------ Listed records ------

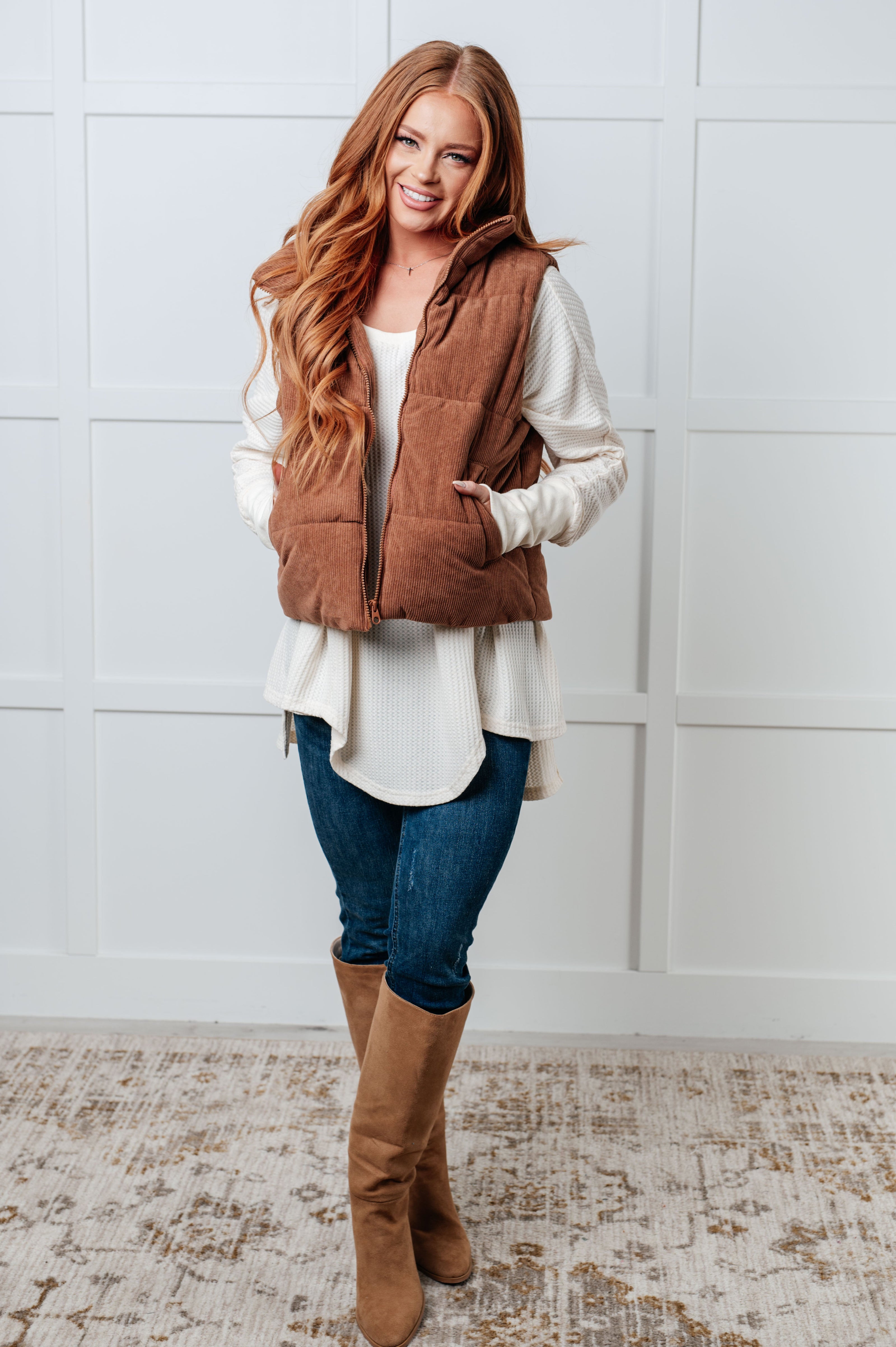 You're Too Kind Waffle Knit Top-Tops-Ave Shops-[option4]-[option5]-[option6]-[option7]-[option8]-Shop-Boutique-Clothing-for-Women-Online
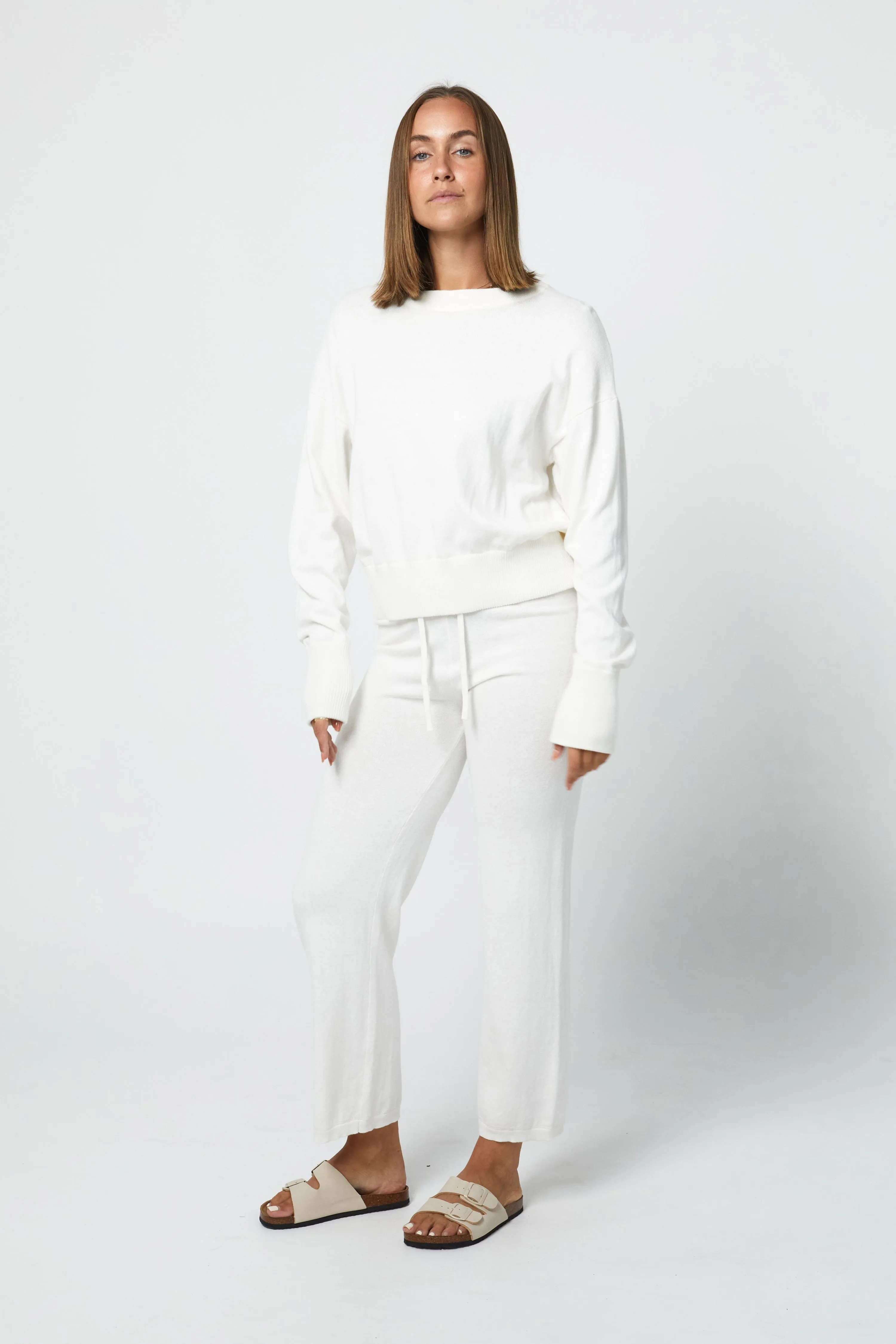 CALLIE LOUNGE PANT - WINTER WHITE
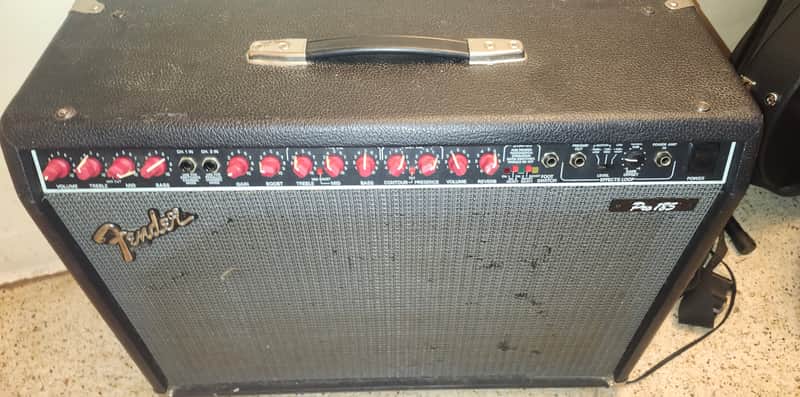 Fender Pro 185 1990's - Black and Red 2-Channel 150-Watt 2x12" Solid State Guitar Combo Amp image 1
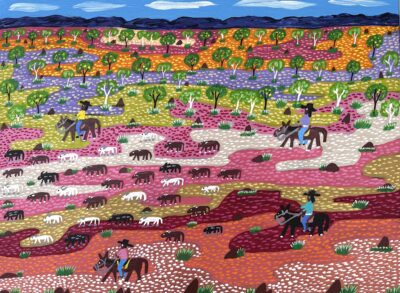 fobala stokmen - Painting - Jill Daniels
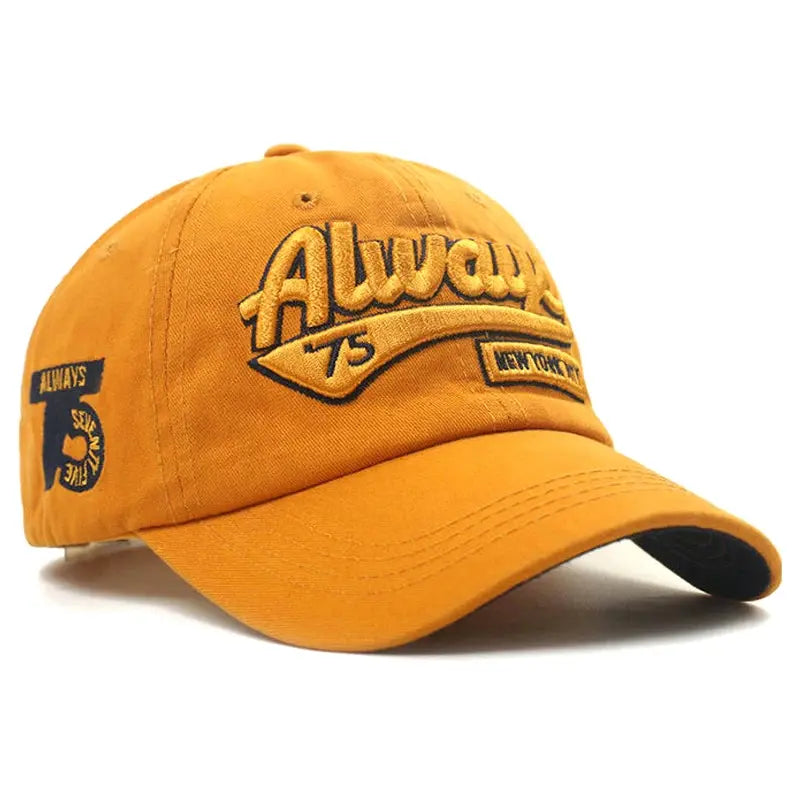 Versatile Cotton Snapback Hat Unisex Style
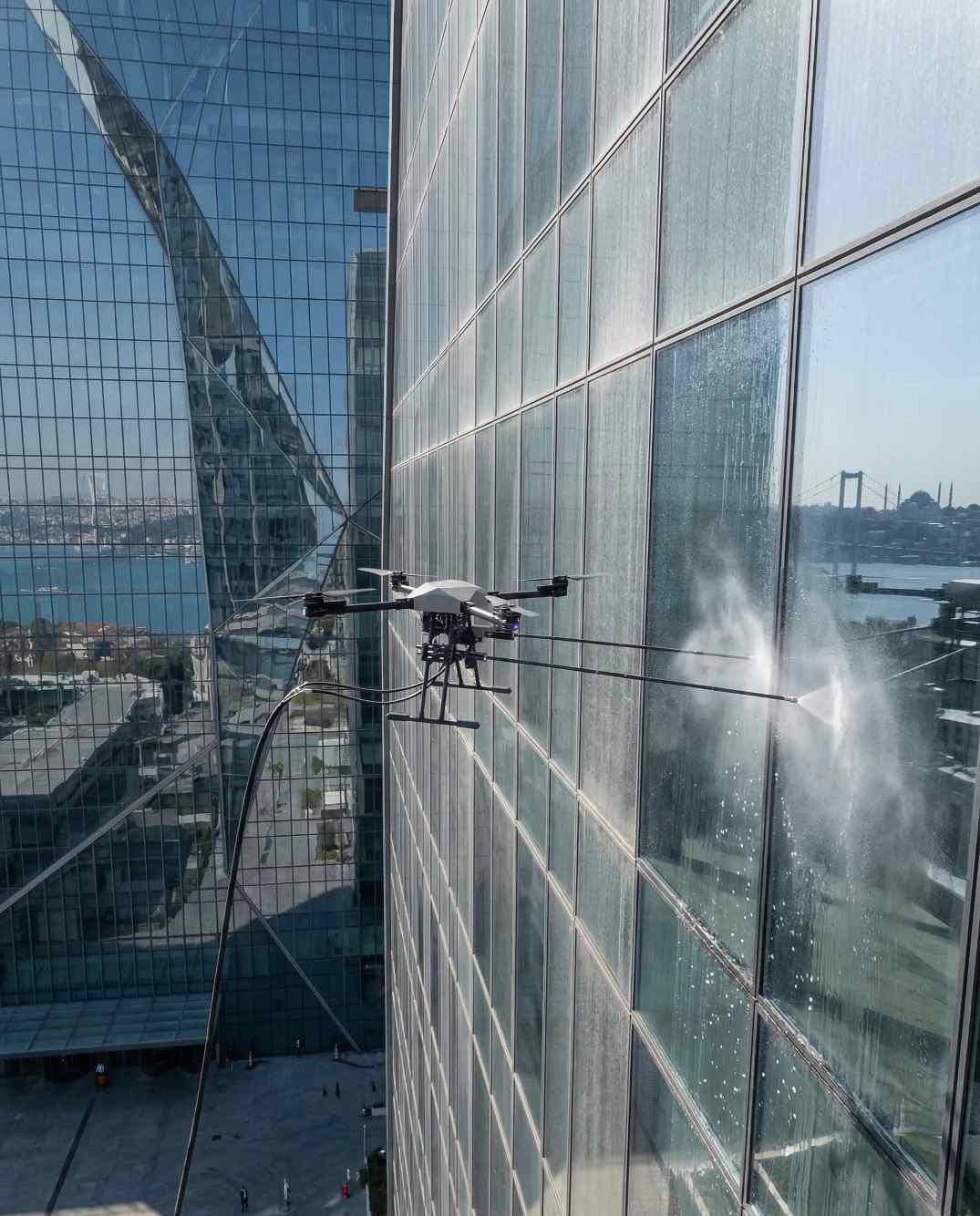 Drone ile dış cephe yıkama fiyatları ve profesyonel temizlik hizmeti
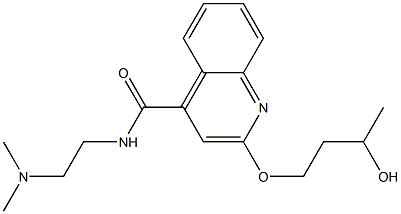 2-(3-Hydroxybutoxy)-N-[2-(dimethylamino)ethyl]-4-quinolinecarboxamide Struktur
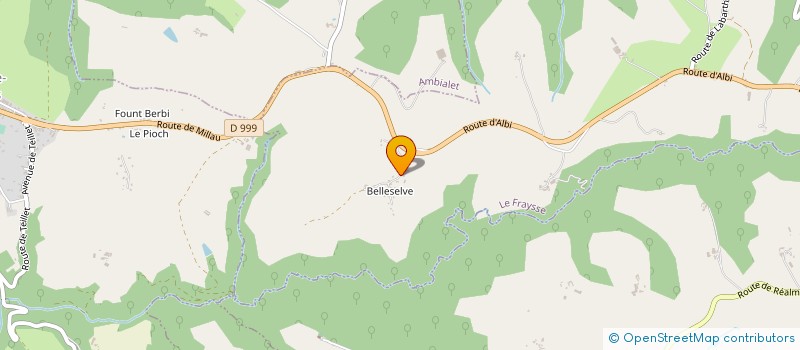 localisation de l'entreprise MONSIEUR DIELA SHANGO LOWANGO  LE FRAYSSE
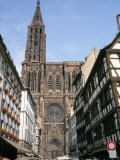 Gothic Christian Cathedral Dating from the 12th to 15th Centuries  Strasbourg  Alsace  France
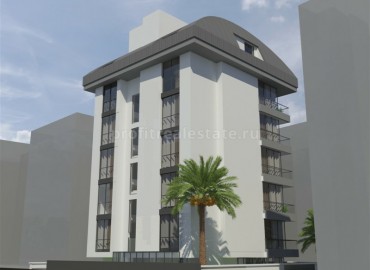 Квартиры в новом жилом комплексе в центре Алании, 100 метров от моря, 54 м2 ID-3392 фото-3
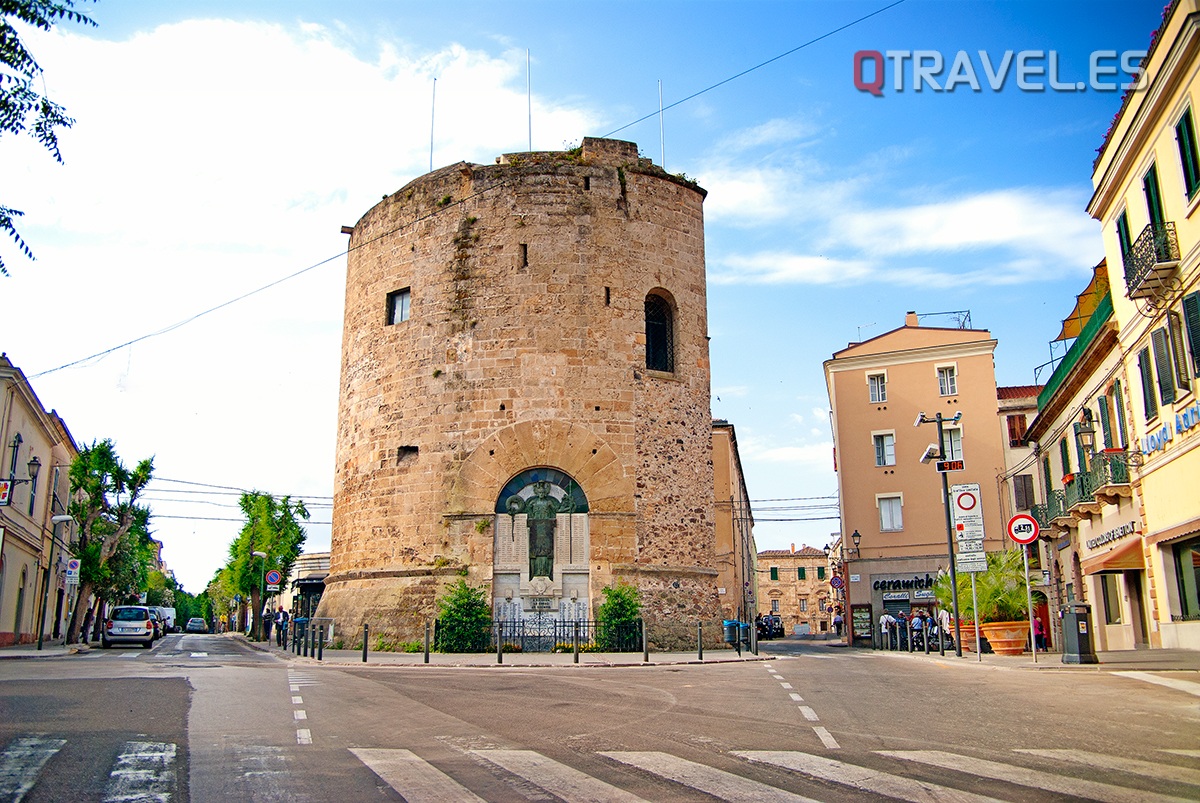 Antigua puerta del Portal, entrada a la ciudadela del Alguer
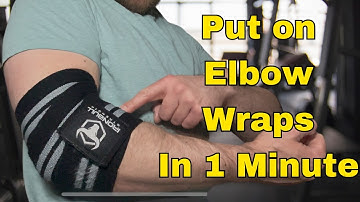 How to Use ELBOW WRAPS for LIFTING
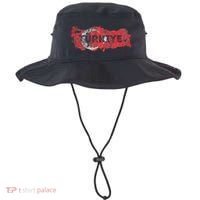Turkish Map And Flag Souvenir Distressed Turkiye Bucket Hat thumb 0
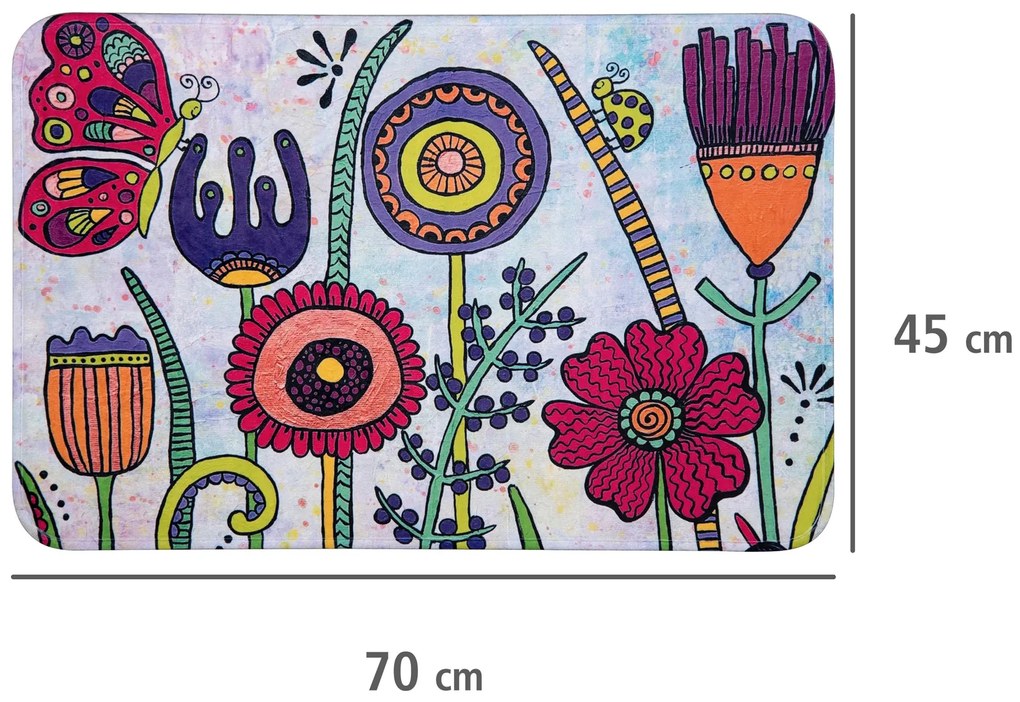 Dywanik łazienkowy z kolorowym nadrukiem, 45 x 70 cm, WENKO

------

Once the line with "Versatile Cotton Snapback Hat Unisex Style" is found in the data above, reproduce it and each line after it exactly, through the line with "How to Use ELBOW WRAPS for LIFTING". Omit the pictures.

» **Solved exercise**
 Versatile Cotton Snapback Hat Unisex Style
 Drone ile dış cephe yıkama fiyatları ve profesyonel temizlik hizmeti
 2-(3-Hydroxybutoxy)-N-[2-(dimethylamino)ethyl]-4-quinolinecarboxamide Struktur
 localisation de l'entreprise MONSIEUR DIELA SHANGO LOWANGO  LE FRAYSSE
 Gothic Christian Cathedral Dating from the 12th to 15th Centuries  Strasbourg  Alsace  France
 Квартиры в новом жилом комплексе в центре Алании, 100 метров от моря, 54 м2 ID-3392 фото-3
 Antigua puerta del Portal, entrada a la ciudadela del Alguer
 How to Use ELBOW WRAPS for LIFTING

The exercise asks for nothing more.